WHAT TO DO ▸ Every entry below should appear in the answer exactly as written, apart from the pictures.

INFORMATION SUPPLIED ▸
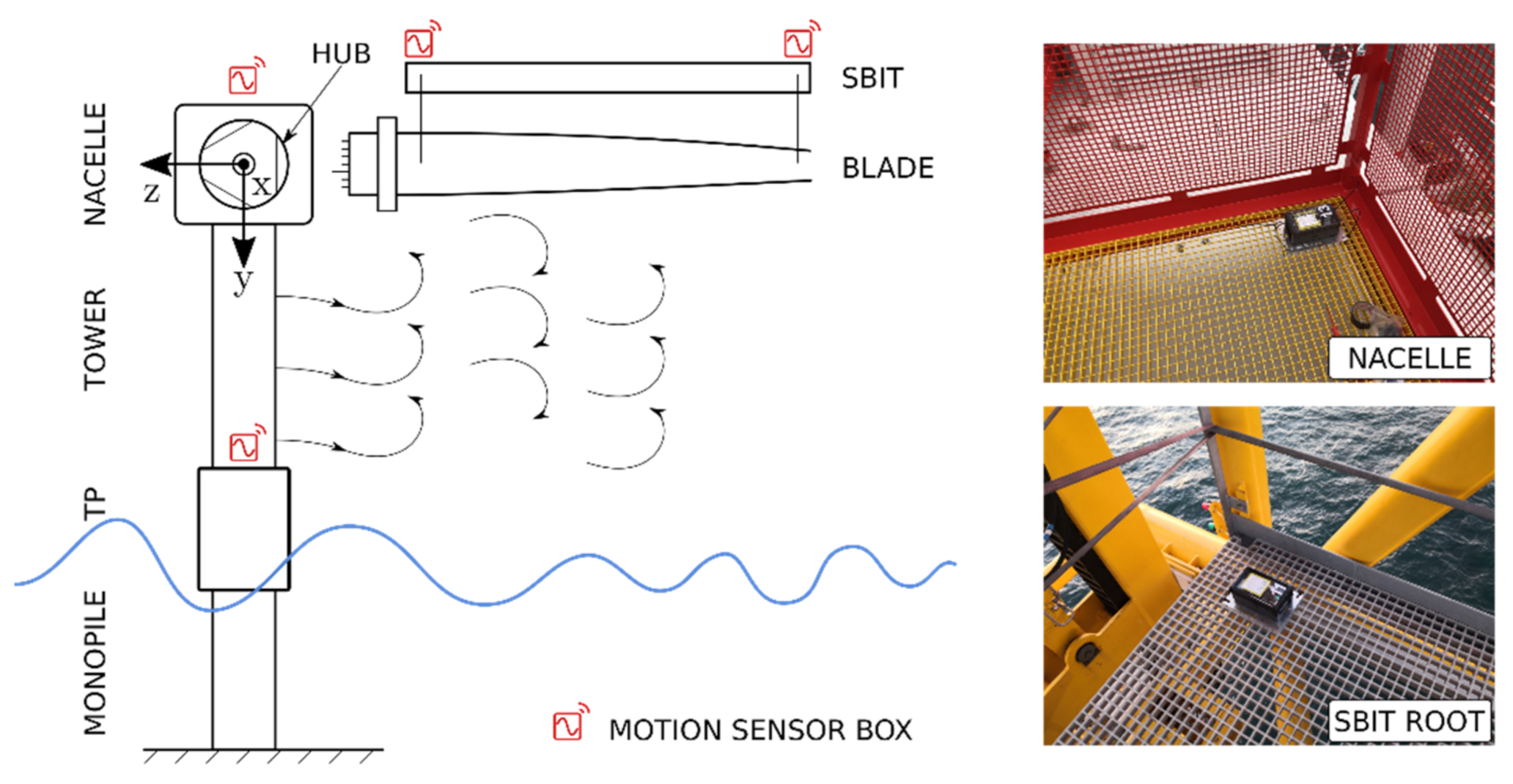 Energies 14 03778 g003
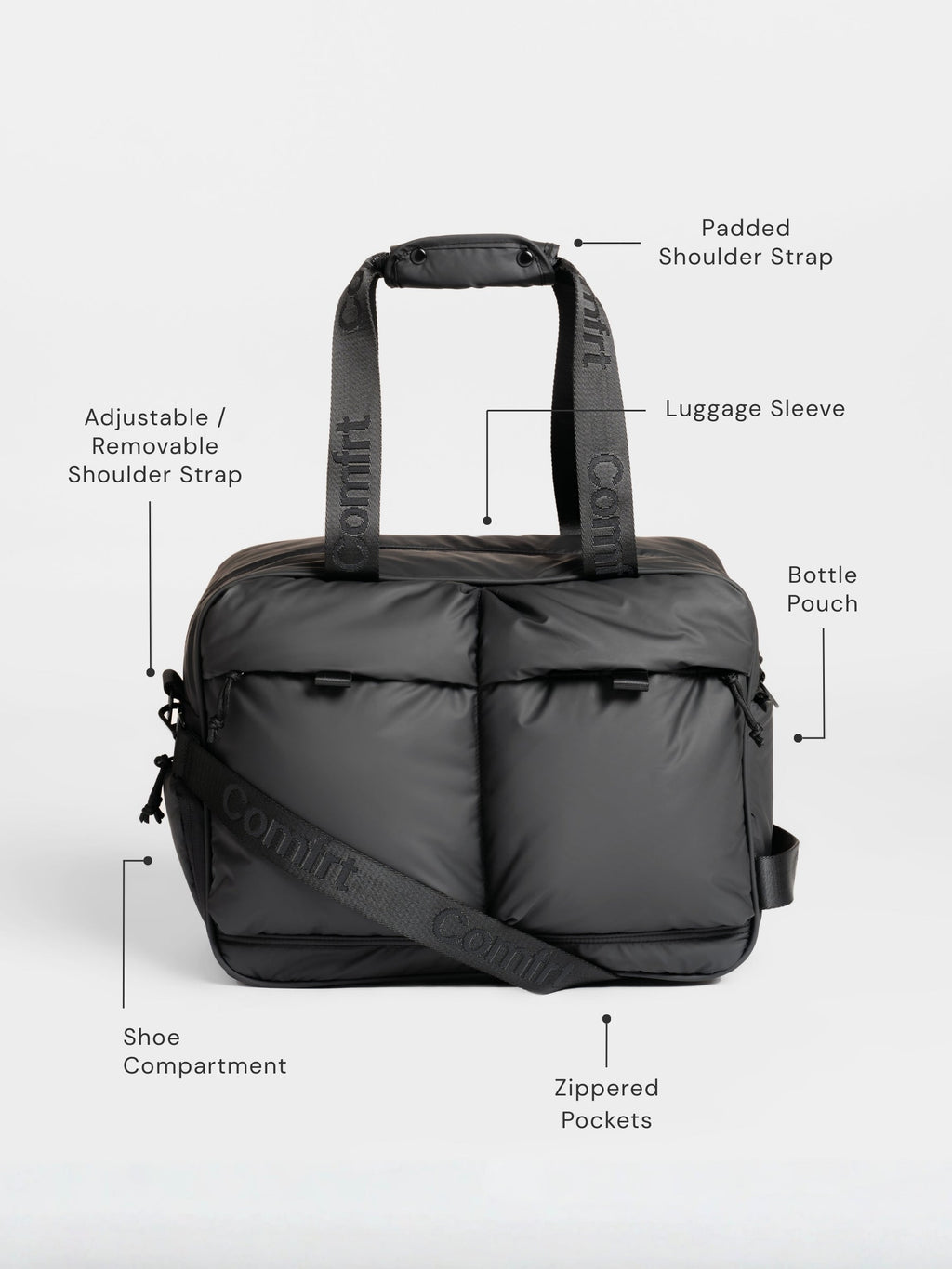 Anywhere Bag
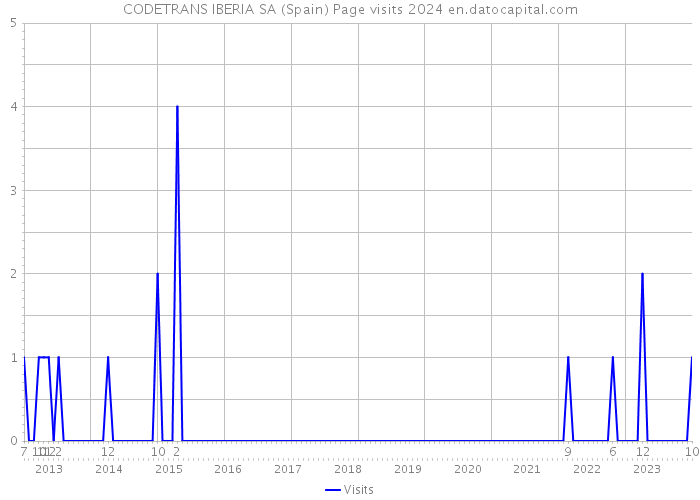 CODETRANS IBERIA SA (Spain) Page visits 2024 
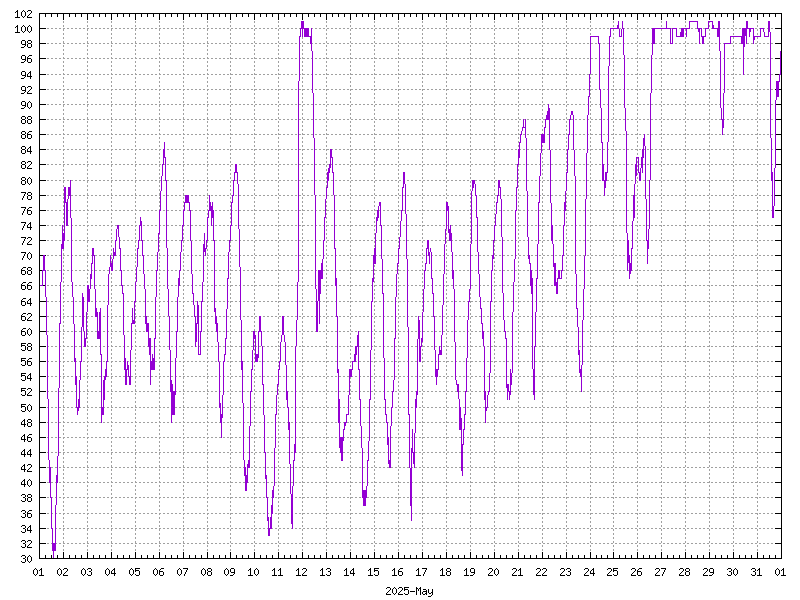 Humidity for May 2025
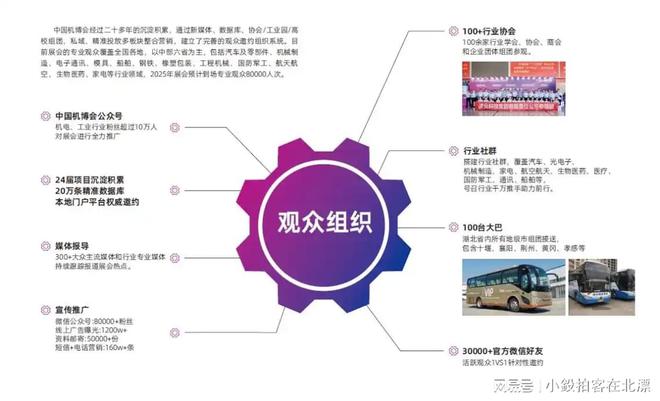 彩神vll前沿科技汇聚：2025武汉工博会自动化展见证数字工业技术革新(图3)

RESULT ▸
 Energies 14 03778 g003
 Anywhere Bag
 CODETRANS IBERIA SA (Spain) Page visits 2024 
 Humidity for May 2025
 彩神vll前沿科技汇聚：2025武汉工博会自动化展见证数字工业技术革新(图3)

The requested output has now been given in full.